◆ STORED DATA

• • • • • • •

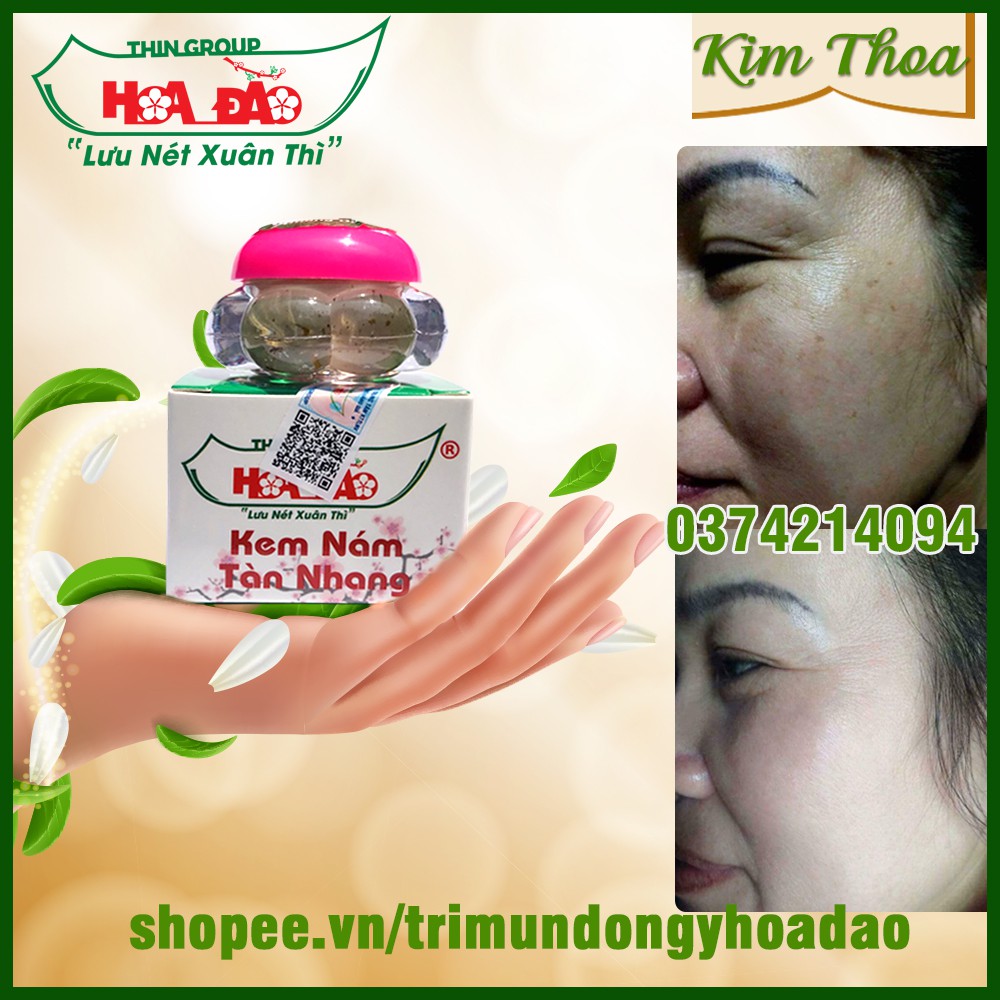 Kem Nám Tàn Nhang Hoa Đào Thingroup Chính Hãng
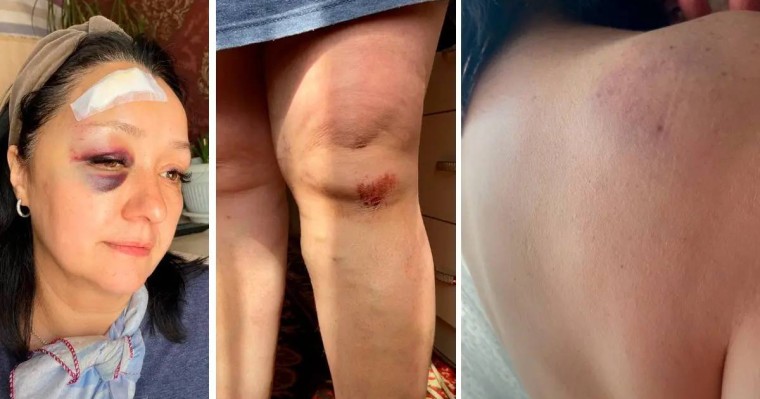 Алматыда әйелді темір сойылмен ұрған адамға қатысты қылмыстық іс қозғалды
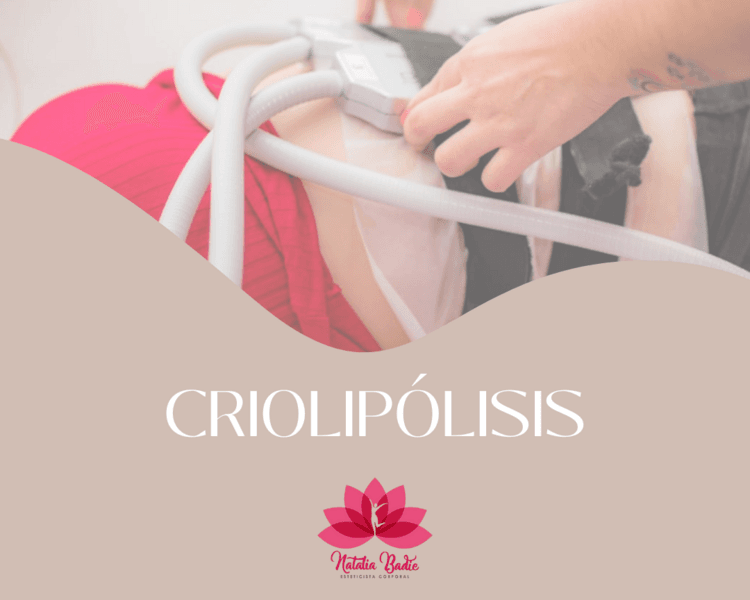 Criolipolisis por zona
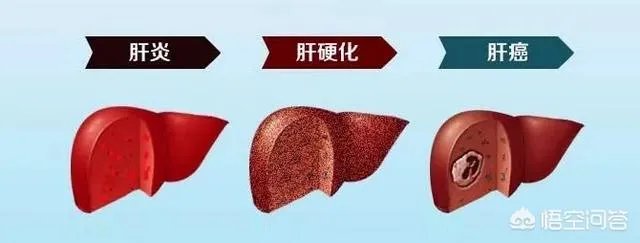 臧天朔去世是因为什么病?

• • • • • • •

◆ PROBLEM REQUIREMENTS
Would you return the data exactly as written, without the pictures?

◆ TASK SOLUTION
 Kem Nám Tàn Nhang Hoa Đào Thingroup Chính Hãng
 Алматыда әйелді темір сойылмен ұрған адамға қатысты қылмыстық іс қозғалды
 Criolipolisis por zona
 臧天朔去世是因为什么病?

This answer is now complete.